Required from the data below: the exact lines starting at the line containing "PRP19 Antibody in" and ending at the line containing "Pygopus-2 Antibody - BSA", with both ends kept and all pictures dropped.

*Provided data*.
* * * *

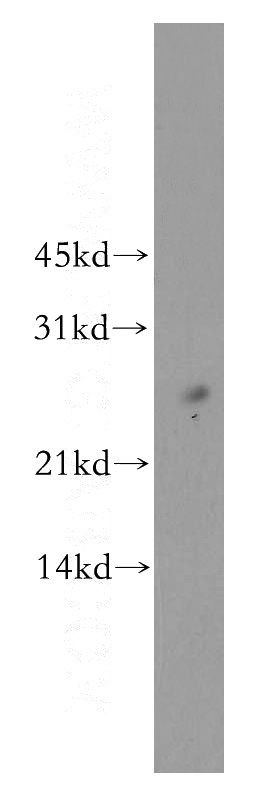 mouse lung tissue were subjected to SDS PAGE followed by western blot with Catalog No:113986(PNRC2 antibody) at dilution of 1:500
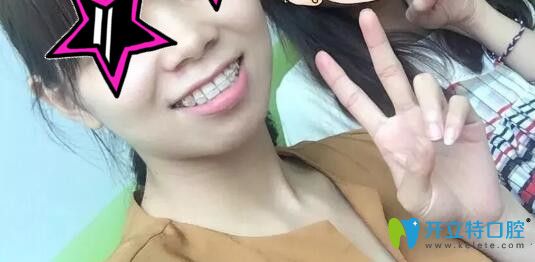 齙牙矯正過程中打骨釘內(nèi)收 齙牙矯正過程中打骨釘內(nèi)收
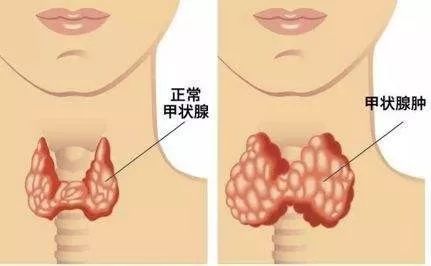 子宮肌瘤|體檢查出這10種病基本不用治，千萬別自己嚇自己！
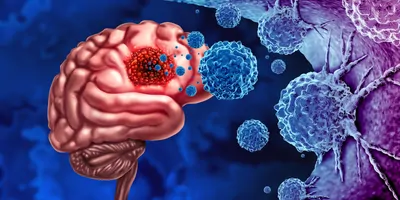 3D illustration of cancer cells attacking a human brain as in gliomas.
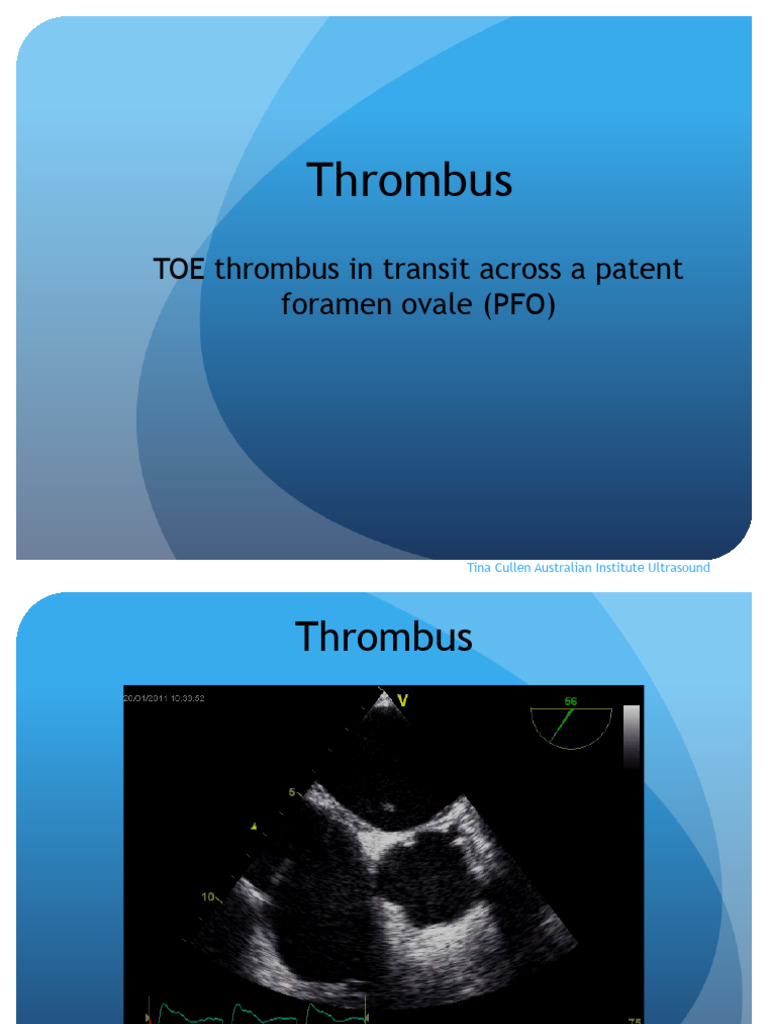 TOE Thrombus Across PFO Explained | PDF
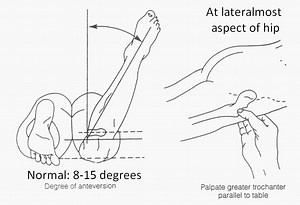 Femoral Anteversion test (Craig's test)
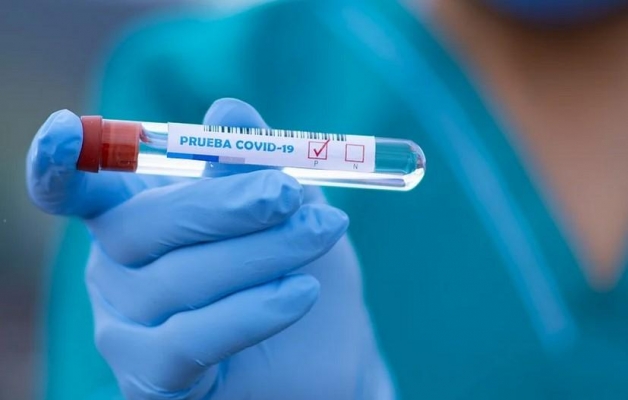 22 новых случая заражения коронавирусом выявили в Удмуртии за сутки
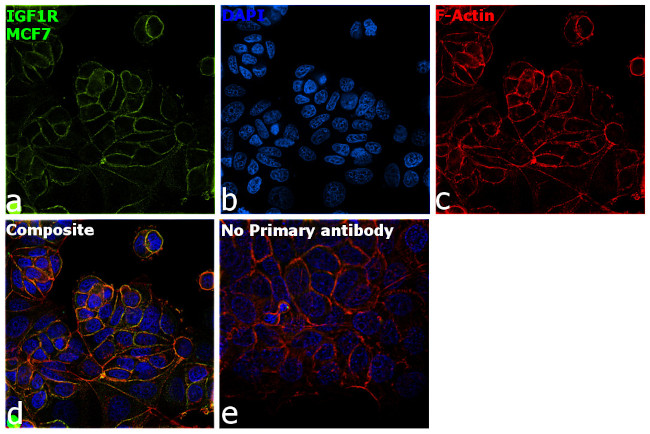 IGF1R (CD221) Antibody in Immunocytochemistry (ICC/IF)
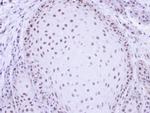 PRP19 Antibody in Immunohistochemistry (Paraffin) (IHC (P))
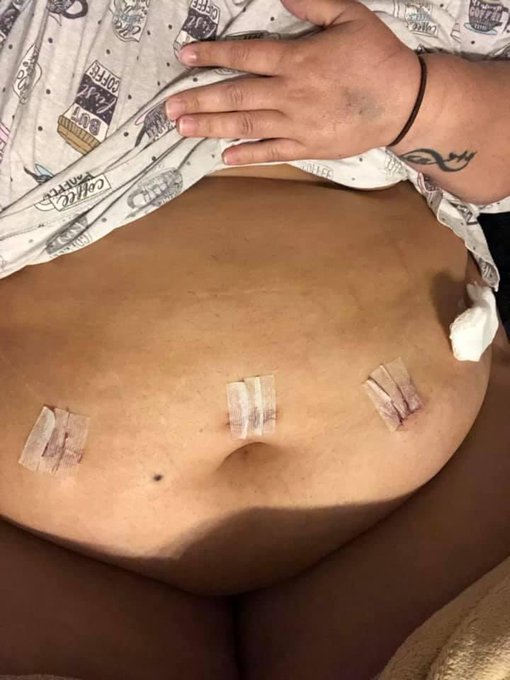 Today 4 years ago I went through a hysterectomy to remove everything due to Cervical C&aacute;ncer!  I remember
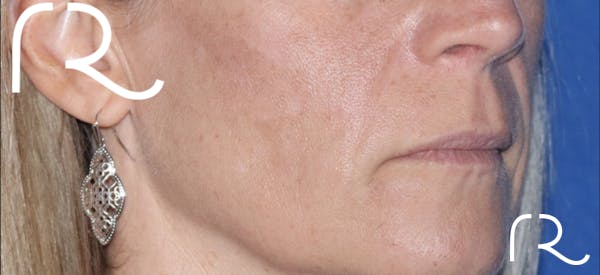 Fractional CO2 Laser Resurfacing Before & After Gallery - Patient 146621397 - Image 1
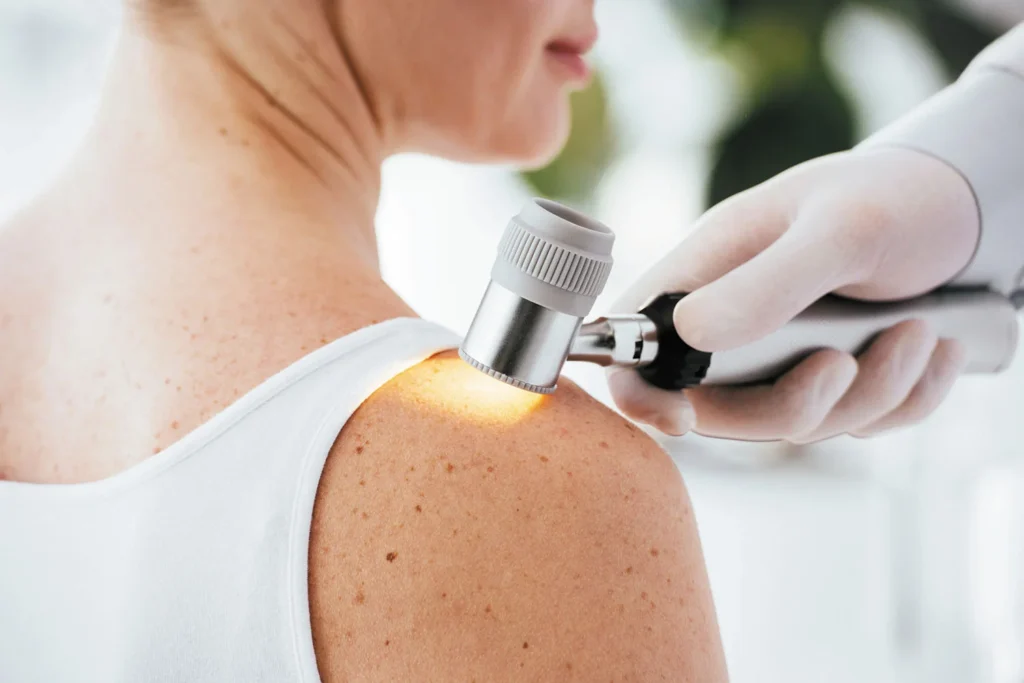Skin-Cancer-Screening-prevention-regenerative-aesthetics-and-dermatology-laguna-hills-ca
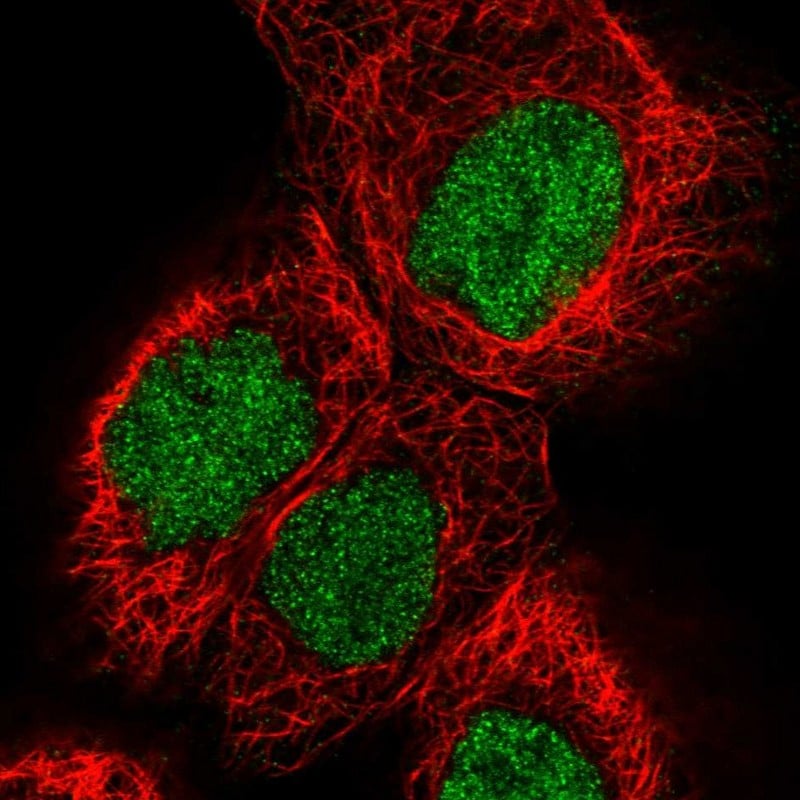 Pygopus-2 Antibody - BSA Free Immunocytochemistry/ Immunofluorescence: Pygopus-2 Antibody [NBP1-87548]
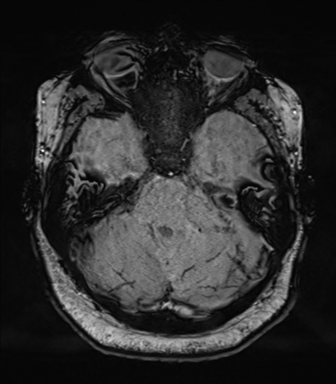 Cerebellopontine angle meningioma (Radiopaedia 48434-53348 Axial SWI 28).png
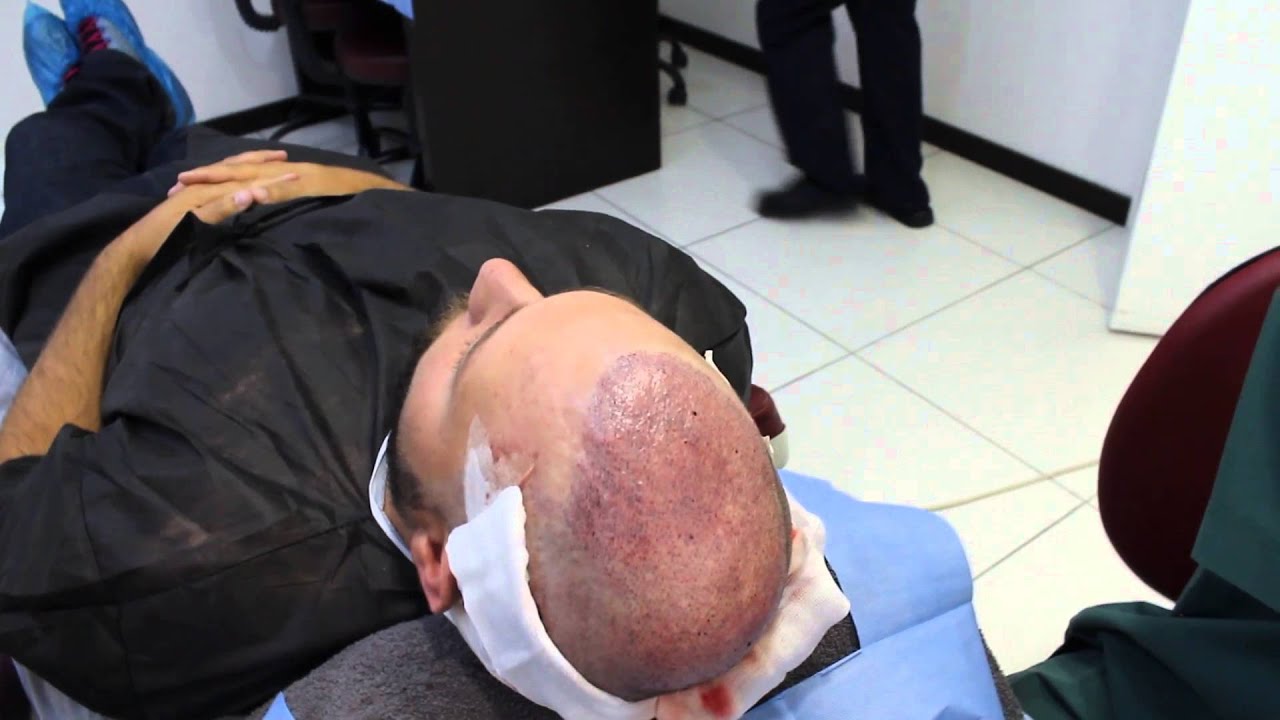 hair transplant in turkey dr alp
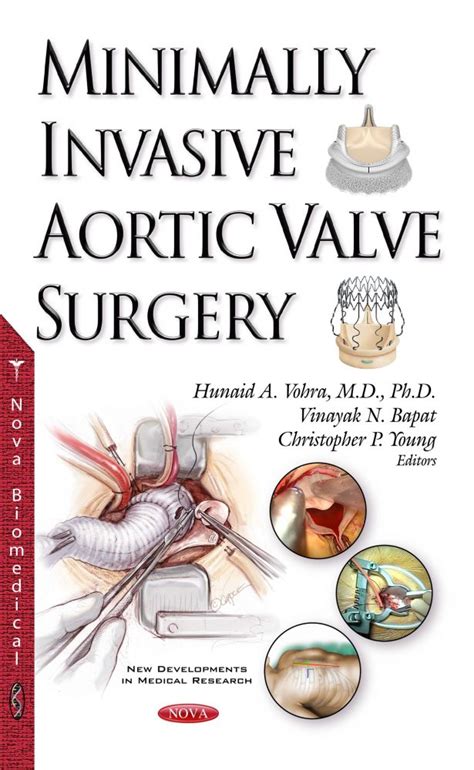 Minimally Invasive Aortic Valve Surgery – Nova Science Publishers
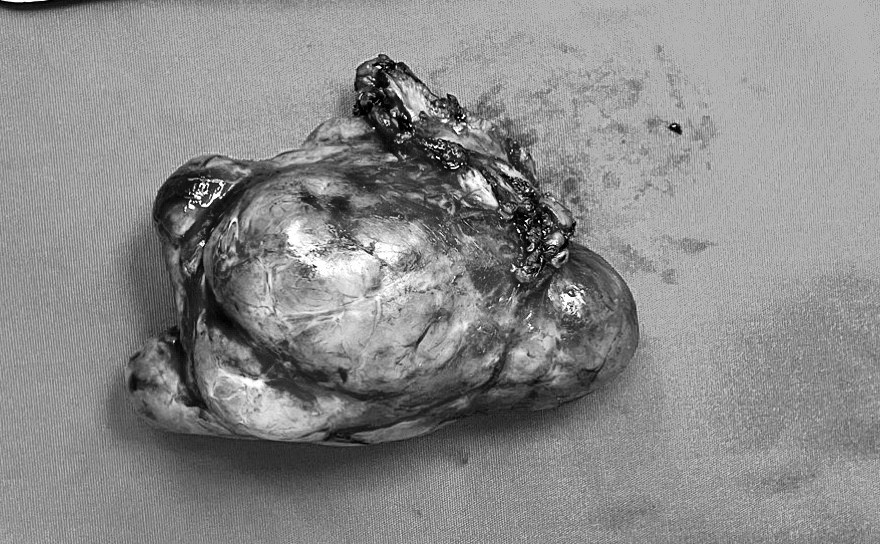 Khối u &quot;khủng&quot; vừa được các Bác sĩ phẫu thuật, lấy ra khỏi người bệnh nhân. Ảnh: Hồng Chuyên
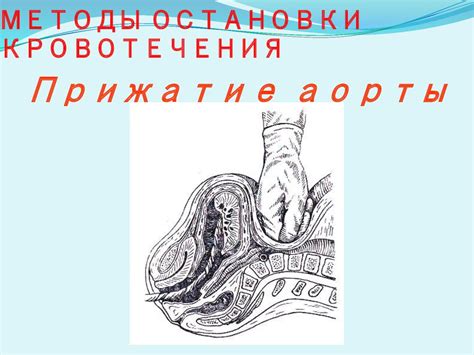 Кровотечения в последовом и раннем послеродовом периоде - презентация ...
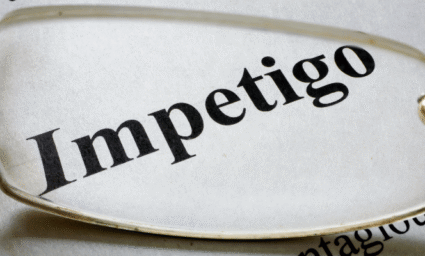 Slovo impetigo ve slovníku.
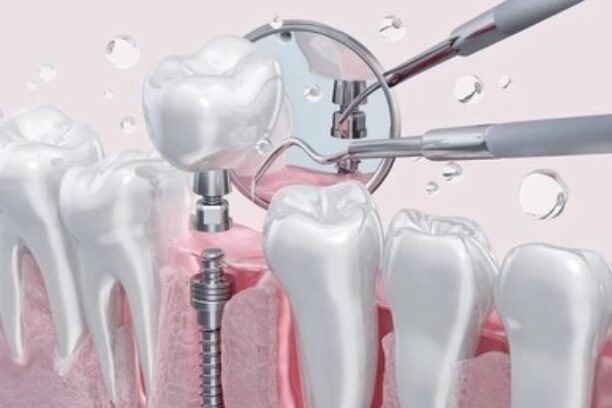 dental-teeth-implant-placement-titanium-260nw-2580069459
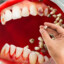 TEETH FELL OUT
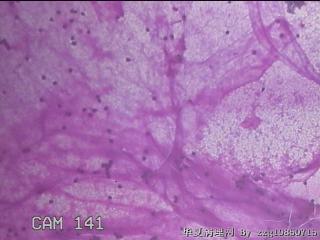 淡黄色胸水1ml图12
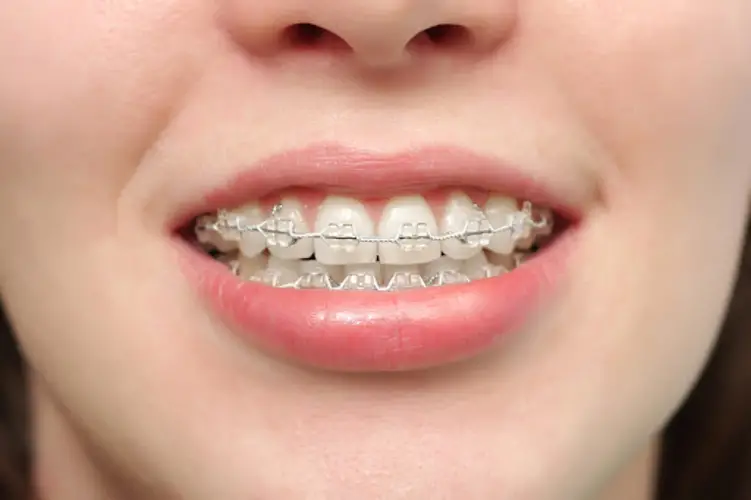 40 tuổi có niềng răng được không? Cách chăm sóc răng miệng sau niềng răng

* * * *

*Response area*.
 PRP19 Antibody in Immunohistochemistry (Paraffin) (IHC (P))
 Today 4 years ago I went through a hysterectomy to remove everything due to Cervical C&aacute;ncer!  I remember
 Fractional CO2 Laser Resurfacing Before & After Gallery - Patient 146621397 - Image 1
Skin-Cancer-Screening-prevention-regenerative-aesthetics-and-dermatology-laguna-hills-ca
 Pygopus-2 Antibody - BSA Free Immunocytochemistry/ Immunofluorescence: Pygopus-2 Antibody [NBP1-87548]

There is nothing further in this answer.